Intriguing. How would we confirm that?
Not normalized for events per chunk. But both of these files has ~500 events. The file from 24.11.1 has 531 and the file from 24.10.0 has 509 events. That shouldn't cause the branch sizes to differ so drastically i think.
Magic 512 event boundary on bucket filling? If > 512, new bucket, which brings fixed overhead?
Intriguing. How would we confirm that?
Wowsers.
24.10.0
root [1] .ls
TNetXNGFile** root://dtn-eic.jlab.org//work/eic2/EPIC/RECO/24.10.0/epic_craterlake/DIS/NC/18x275/minQ2=1/pythia8NCDIS_18x275_minQ2=1_beamEffects_xAngle=-0.025_hiDiv_5.1853.eicrecon.tree.edm4eic.root
TNetXNGFile* root://dtn-eic.jlab.org//work/eic2/EPIC/RECO/24.10.0/epic_craterlake/DIS/NC/18x275/minQ2=1/pythia8NCDIS_18x275_minQ2=1_beamEffects_xAngle=-0.025_hiDiv_5.1853.eicrecon.tree.edm4eic.root
KEY: TTree events;2 events data tree [current cycle]
KEY: TTree events;1 events data tree [backup cycle]
KEY: TTree podio_metadata;1 metadata tree for podio I/O functionality
24.11.1
root [1] .ls
TNetXNGFile** root://dtn-eic.jlab.org//work/eic2/EPIC/RECO/24.11.1/epic_craterlake/DIS/NC/18x275/minQ2=1/pythia8NCDIS_18x275_minQ2=1_beamEffects_xAngle=-0.025_hiDiv_5.1853.eicrecon.tree.edm4eic.root
TNetXNGFile* root://dtn-eic.jlab.org//work/eic2/EPIC/RECO/24.11.1/epic_craterlake/DIS/NC/18x275/minQ2=1/pythia8NCDIS_18x275_minQ2=1_beamEffects_xAngle=-0.025_hiDiv_5.1853.eicrecon.tree.edm4eic.root
KEY: TTree events;27 events data tree [current cycle]

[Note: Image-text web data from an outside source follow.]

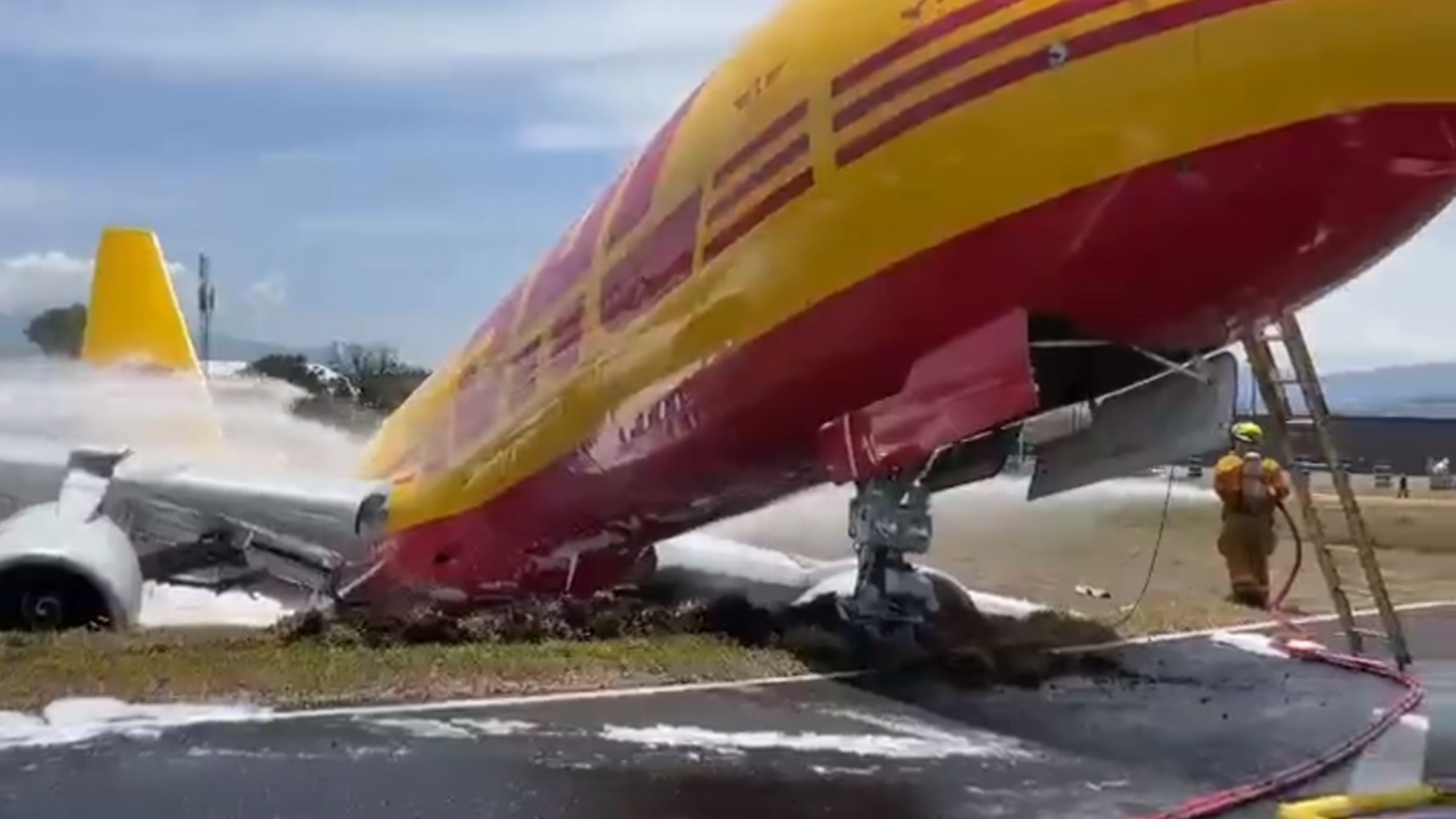 Avião cargueiro roda na pista e fica com fuselagem destruída. Foto do avião, nas cores amarela e vermelha, com a estrutura quebrada.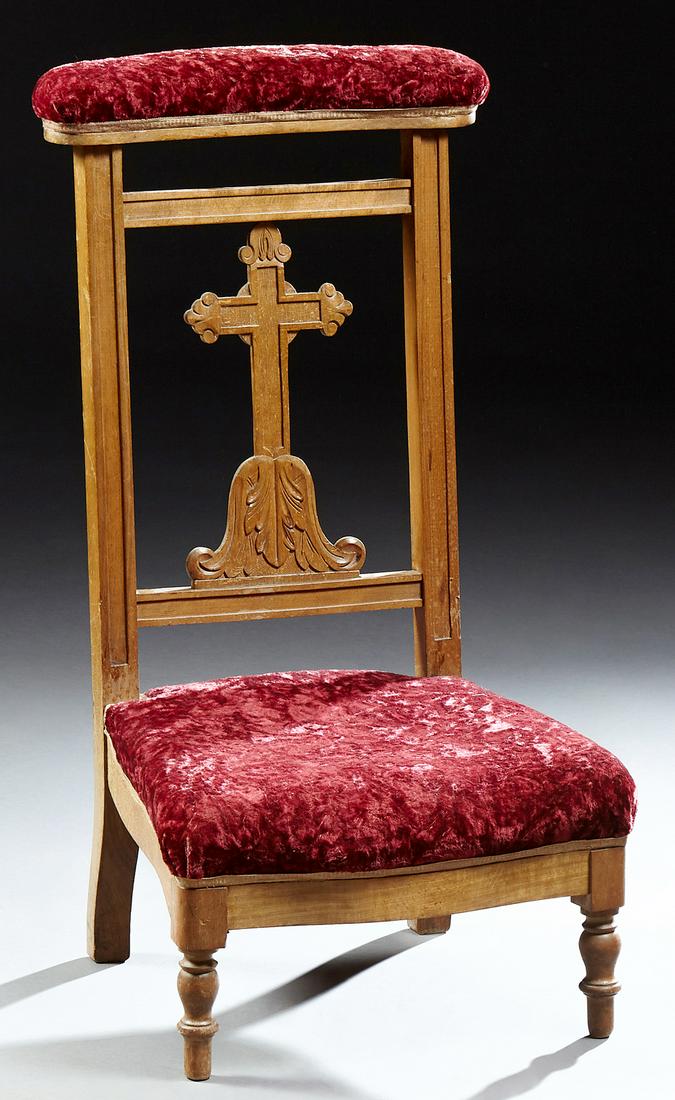 French Provincial Carved Beech Prie Dieu, 19th c., the: French Provincial Carved Beech Prie Dieu, 19th c., the carved upholstered armrest over a cruciform backsplat, to a trapezoidal bowed cushioned seat on turned tapered legs, H. - 36 in., W. - 19 in., D.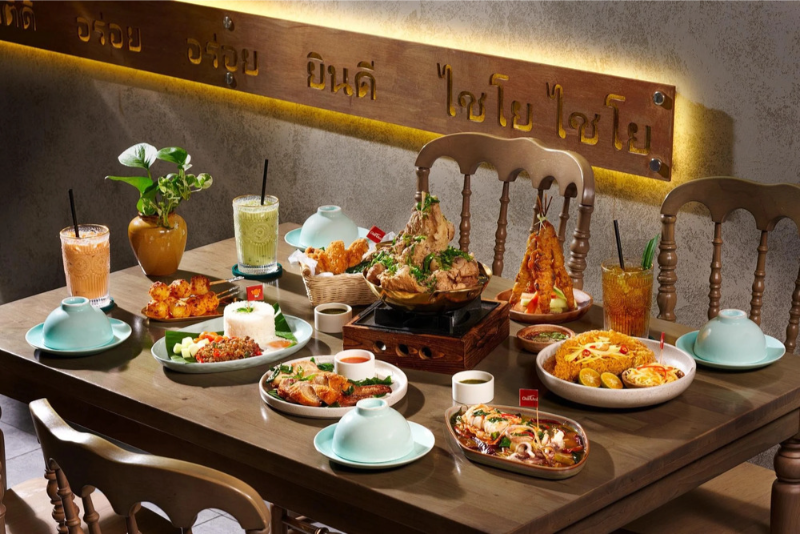 Bàn tiệc ẩm thực Thái Lan đa dạng với xôi cháy gà quay, thịt xiên nướng, gỏi và nước trà sữa Thái trên bàn gỗ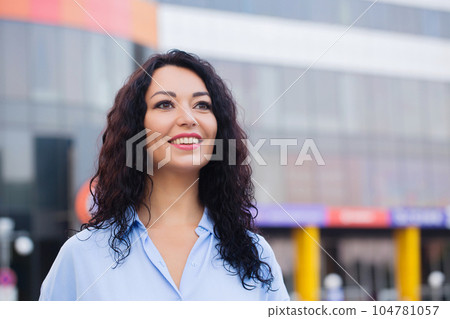Happy business woman in a blue shirt in a cityscape Happy business woman in a blue shirt in a cityscape 104781057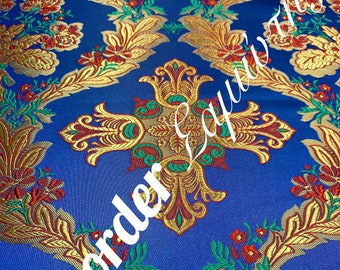 May include: Blue fabric with a gold and red cross pattern. The fabric has a repeating pattern of crosses and floral designs.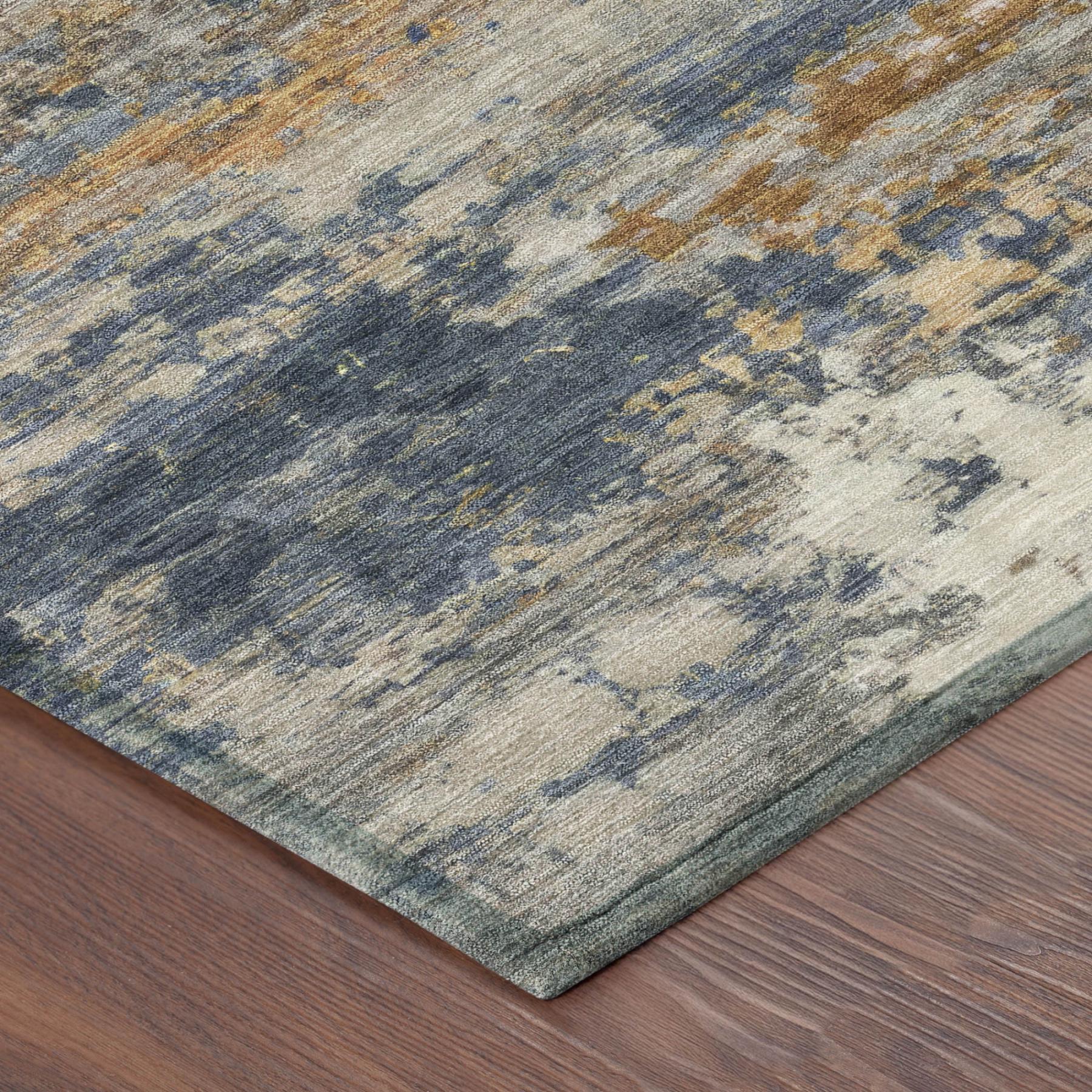 Abstract blue and gold area rug with a soft texture, featuring a contemporary design, perfect for modern home decor.
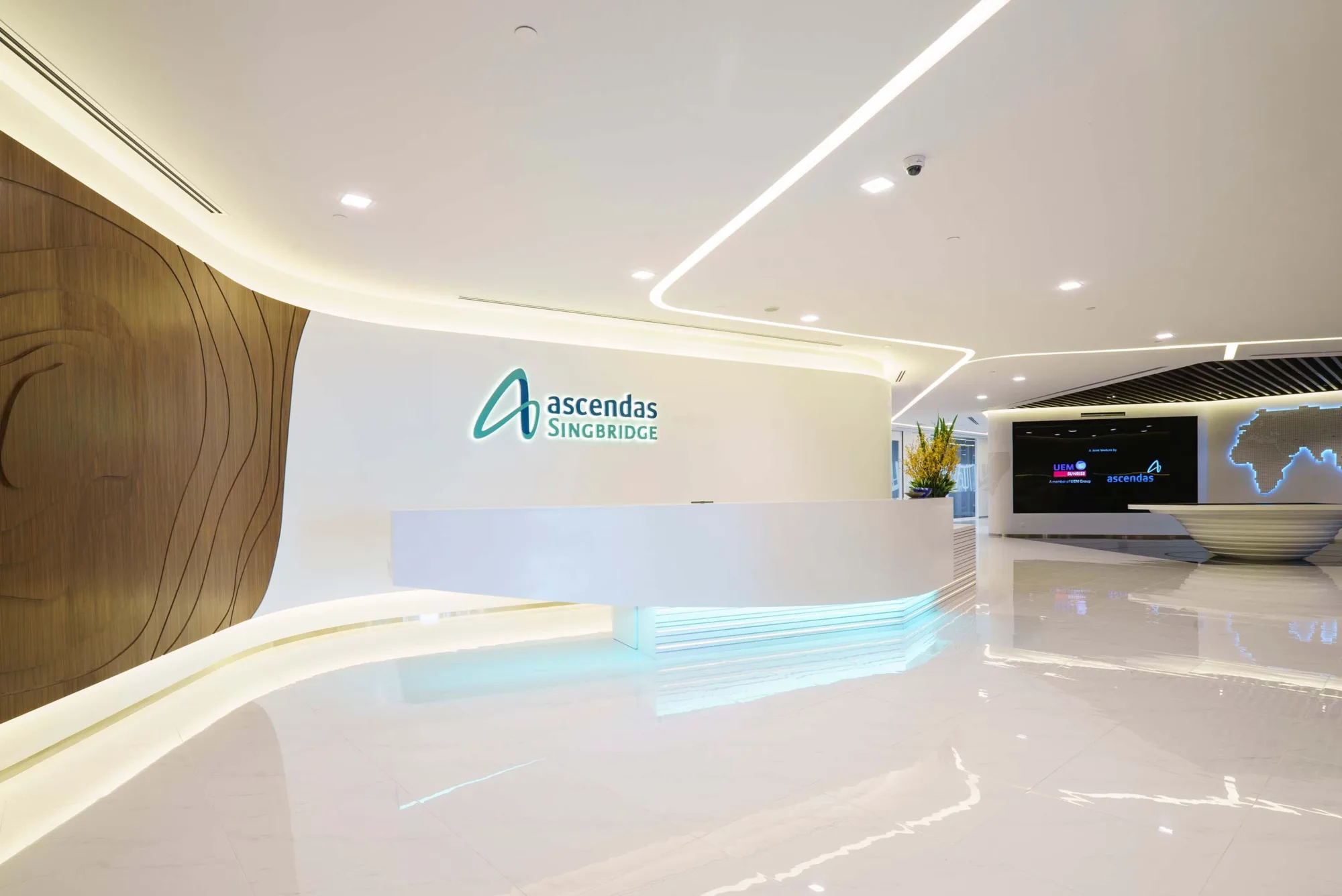 Bright and spacious marble-floored area featuring reception counter with Ascendas Singbridge logo behind it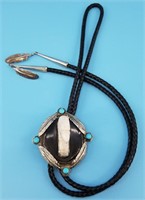 Beautiful sterling silver bolo tie with centerpiec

KEY: TTree events;26 events data tree [backup cycle]
KEY: TTree podio_metadata;1 metadata tree for podio I/O functionality
-> increase from 2 to 27 cycles
24.10.0:
root [1] events->Print("_TrackerEndcapHits_MCParticle*")
******************************************************************************
*Tree :events : events data tree *
*Entries : 509 : Total = 240389363 bytes File Size = 67998112 *
* : : Tree compression factor = 3.51 *
******************************************************************************
*Br 0 :_TrackerEndcapHits_MCParticle : *
* | Int_t _TrackerEndcapHits_MCParticle_ *
*Entries : 509 : Total Size= 6813 bytes File Size = 3410 *
*Baskets : 2 : Basket Size= 32000 bytes Compression= 1.26 *
*............................................................................*
*Br 1 :_TrackerEndcapHits_MCParticle.index : *
* | Int_t index[_TrackerEndcapHits_MCParticle_] *
*Entries : 509 : Total Size= 52505 bytes File Size = 16493 *
*Baskets : 3 : Basket Size= 57344 bytes Compression= 3.14 *
*............................................................................*
*Br 2 :_TrackerEndcapHits_MCParticle.collectionID : *
* | UInt_t collectionID[_TrackerEndcapHits_MCParticle_] *
*Entries : 509 : Total Size= 52554 bytes File Size = 2980 *
*Baskets : 3 : Basket Size= 57344 bytes Compression= 17.38 *
*............................................................................*
24.11.1:
root [3] events->Print("_TrackerEndcapHits_MCParticle*")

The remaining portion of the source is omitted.